«Tangentopoli non è servita a cambiare in meglio l’Italia»

Dottor Davigo, lei parla di Mani Pulite come di una “occasione mancata”. Perché?
«Dall’indagine emerse un quadro sconfortante, oltre a una corruzione spaventosa che riguardava tantissime persone: molte di queste ricevevano tangenti di scarso ammontare, alcuni invece intascavano bustarelle enormi. Inoltre, i bilanci delle imprese erano falsi, poiché le mazzette non erano certo registrate nei conti. Ho parlato di occasione mancata perché quanto accaduto avrebbe potuto far sì che diventassimo simili ai Paesi cui diciamo sempre di voler somigliare. Non ci siamo riusciti».
Lei ha scritto che lo spaccato emerso dall’indagine era sconosciuto. Ma in Italia di corruzione si era sempre parlato.

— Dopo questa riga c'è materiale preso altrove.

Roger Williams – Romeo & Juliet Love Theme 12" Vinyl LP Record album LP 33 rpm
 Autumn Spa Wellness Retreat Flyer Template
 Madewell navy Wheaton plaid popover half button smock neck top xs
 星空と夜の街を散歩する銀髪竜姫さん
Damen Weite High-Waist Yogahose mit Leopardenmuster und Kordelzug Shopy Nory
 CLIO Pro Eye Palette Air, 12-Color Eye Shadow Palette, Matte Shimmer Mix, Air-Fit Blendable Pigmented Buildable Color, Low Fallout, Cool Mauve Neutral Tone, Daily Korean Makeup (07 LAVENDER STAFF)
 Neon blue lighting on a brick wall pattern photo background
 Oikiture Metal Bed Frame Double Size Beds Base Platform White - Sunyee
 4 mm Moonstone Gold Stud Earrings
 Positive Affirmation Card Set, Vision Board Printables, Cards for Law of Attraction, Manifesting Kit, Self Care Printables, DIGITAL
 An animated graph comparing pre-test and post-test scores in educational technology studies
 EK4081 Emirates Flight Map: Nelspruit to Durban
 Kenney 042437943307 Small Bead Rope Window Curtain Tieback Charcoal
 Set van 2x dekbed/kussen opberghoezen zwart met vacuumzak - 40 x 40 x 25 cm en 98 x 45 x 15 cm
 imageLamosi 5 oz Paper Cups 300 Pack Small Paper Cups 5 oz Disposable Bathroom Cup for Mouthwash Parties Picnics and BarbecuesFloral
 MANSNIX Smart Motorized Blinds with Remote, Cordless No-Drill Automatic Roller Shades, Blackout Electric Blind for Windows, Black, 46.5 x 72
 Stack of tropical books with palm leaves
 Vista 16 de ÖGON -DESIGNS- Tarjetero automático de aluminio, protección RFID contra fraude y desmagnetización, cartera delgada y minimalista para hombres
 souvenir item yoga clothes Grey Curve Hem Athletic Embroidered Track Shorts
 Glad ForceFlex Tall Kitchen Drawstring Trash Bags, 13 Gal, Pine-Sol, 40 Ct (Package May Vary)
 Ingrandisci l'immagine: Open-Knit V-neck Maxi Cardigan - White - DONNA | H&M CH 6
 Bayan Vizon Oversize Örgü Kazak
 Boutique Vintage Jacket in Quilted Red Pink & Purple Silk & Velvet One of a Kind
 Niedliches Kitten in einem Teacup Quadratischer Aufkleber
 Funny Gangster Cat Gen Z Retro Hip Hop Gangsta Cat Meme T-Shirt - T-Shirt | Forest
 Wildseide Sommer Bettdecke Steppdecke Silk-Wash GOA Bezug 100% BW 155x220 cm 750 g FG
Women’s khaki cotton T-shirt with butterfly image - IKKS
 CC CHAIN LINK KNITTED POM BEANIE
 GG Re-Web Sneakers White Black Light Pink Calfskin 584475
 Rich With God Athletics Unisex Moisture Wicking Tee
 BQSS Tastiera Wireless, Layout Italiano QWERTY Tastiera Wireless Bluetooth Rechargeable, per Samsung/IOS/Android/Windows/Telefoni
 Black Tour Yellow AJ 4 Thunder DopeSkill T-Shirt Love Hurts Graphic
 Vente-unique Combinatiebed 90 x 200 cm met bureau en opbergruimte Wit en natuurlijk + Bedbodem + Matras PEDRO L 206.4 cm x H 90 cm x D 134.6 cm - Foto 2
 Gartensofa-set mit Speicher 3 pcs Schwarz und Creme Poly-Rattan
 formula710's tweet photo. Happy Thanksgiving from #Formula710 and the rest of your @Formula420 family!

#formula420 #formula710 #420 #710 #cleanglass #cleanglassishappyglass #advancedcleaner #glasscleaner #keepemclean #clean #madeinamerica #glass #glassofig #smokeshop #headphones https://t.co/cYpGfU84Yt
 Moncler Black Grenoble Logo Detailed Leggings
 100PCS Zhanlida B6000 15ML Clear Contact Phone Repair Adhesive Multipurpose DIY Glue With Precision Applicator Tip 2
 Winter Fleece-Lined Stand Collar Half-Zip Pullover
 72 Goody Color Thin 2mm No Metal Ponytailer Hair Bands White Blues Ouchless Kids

«Io per primo mi meravigliai: non tanto dell’esistenza della corruzione, fenomeno non solo italiano, quanto per la sua diffusione ed estensione. Nessuno poteva seriamente immaginare, ad esempio, che nell’àmbito della costruzione della linea 3 della metropolitana milanese le imprese consorziate versassero denaro a un politico il quale divideva poi le tangenti ai partiti di maggioranza e opposizione. Il sistema era collaudato da anni; era pervasivo e radicato. Un altro indagato ci raccontò che per alcuni appalti si pagavano tutti: dal ministro giù giù fino ai commessi. C’è un aneddoto che bene fa capire di che cosa sto parlando. A un certo punto, durante un interrogatorio, un imprenditore ci svelò che i corrotti lo avevano pregato di non portare più i soldi dentro le valigette: nonostante ne avessero regalate decine e decine a parenti e amici, ne avevano ancora due stanze piene, e non sapevano cosa farne».
Gli imprenditori si difesero dicendo di essere costretti a pagare per lavorare.
«Non è così. Le tangenti erano un sistema, e le aziende predisponevano i fondi in nero prima di entrare in contatto con il pubblico ufficiale corrotto».
È per questo che lei scrive nel libro che l’Italia non ha un’etica condivisa e che è abissale la distanza tra «i valori predicati e i comportamenti praticati»?
«La mia è una constatazione, dovremmo forse semplicemente capire perché ciò avviene. Tra l’altro, credo che la situazione sia peggiorata negli anni. Adesso, sempre più spesso quando qualcuno è scoperto con le mani nel sacco non soltanto non prova vergogna, ma sostiene addirittura di essere nel giusto. Quando Umberto Bossi utilizzò i soldi dei contributi pubblici per comprare la laurea al figlio in Albania disse: “I soldi sono nostri e ne facciamo ciò che vogliamo”. Ma quei soldi erano dei cittadini, non della Lega».


Lei sostiene che il mondo politico vuole tuttora “regolare i conti” con la magistratura. Che cosa intende?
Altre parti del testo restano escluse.